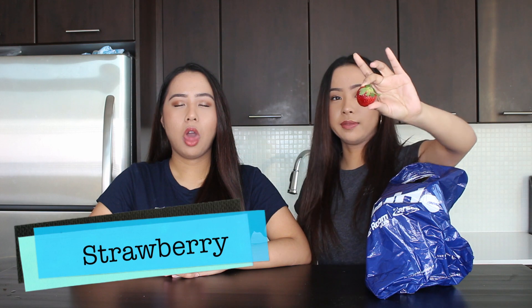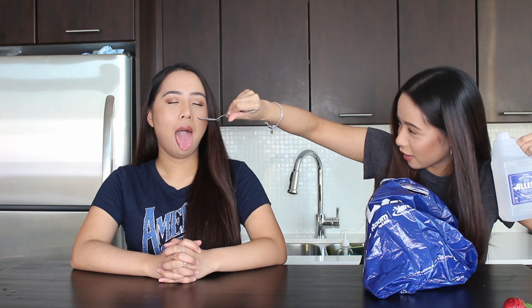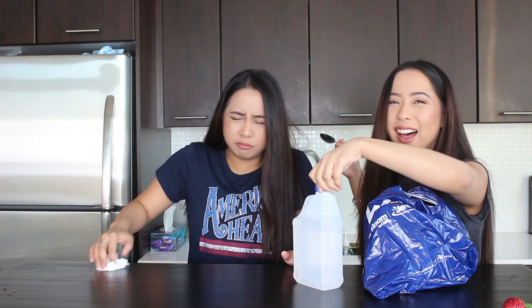Item number one. A strawberry. Yeah, good job. I can tell by the smell of it. I smell the idea. Okay, open. Why are you laughing? I'm not laughing, I'm breathing. What is it? It's vinegar. Yup.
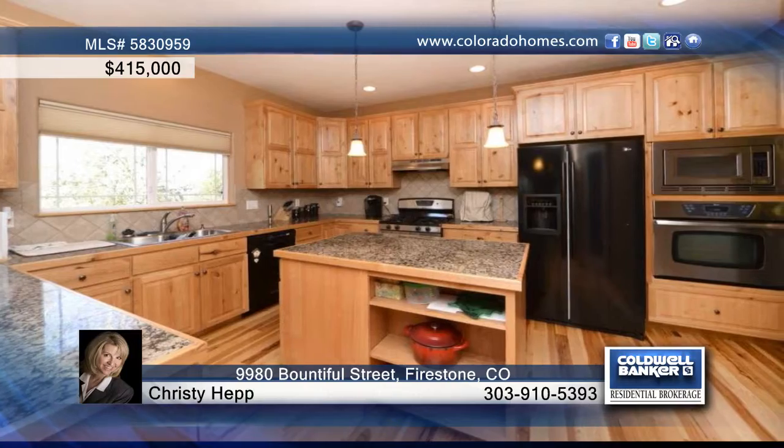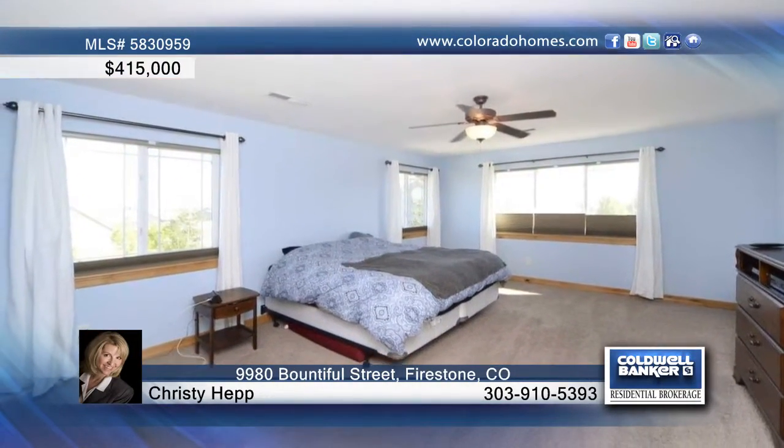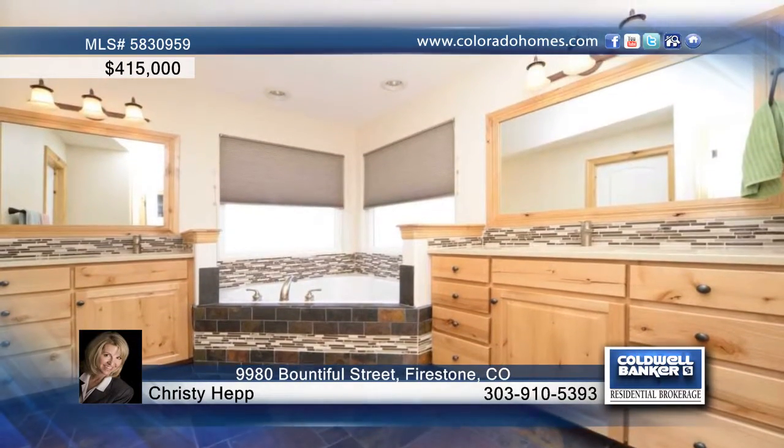The formal dining room features a built-in wine rack and smaller bar area. In the kitchen, be amazed by alder pine cabinets, granite, kitchen island, and all appliances included.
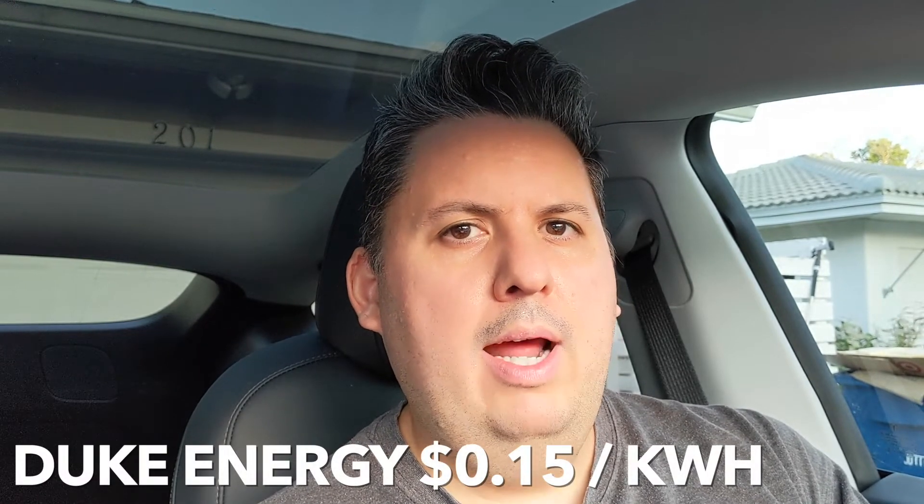Before that, I'll give you a few details that may make a difference. I live in Florida. My part of Florida has a rate of electricity at about 15 cents per kilowatt hour, and I do drive a lot. But I don't really use superchargers — I charge at home almost 100% of the time. Here with Duke Energy, it doesn't matter what time of the day you charge; the electricity costs the same.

Task directions: Only the pictures are to be left out; print everything else in the listing exactly.

Answer box:
Item number one. A strawberry. Yeah, good job. I can tell by the smell of it. I smell the idea. Okay, open. Why are you laughing? I'm not laughing, I'm breathing. What is it? It's vinegar. Yup.
The formal dining room features a built-in wine rack and smaller bar area. In the kitchen, be amazed by alder pine cabinets, granite, kitchen island, and all appliances included.
Before that, I'll give you a few details that may make a difference. I live in Florida. My part of Florida has a rate of electricity at about 15 cents per kilowatt hour, and I do drive a lot. But I don't really use superchargers — I charge at home almost 100% of the time. Here with Duke Energy, it doesn't matter what time of the day you charge; the electricity costs the same.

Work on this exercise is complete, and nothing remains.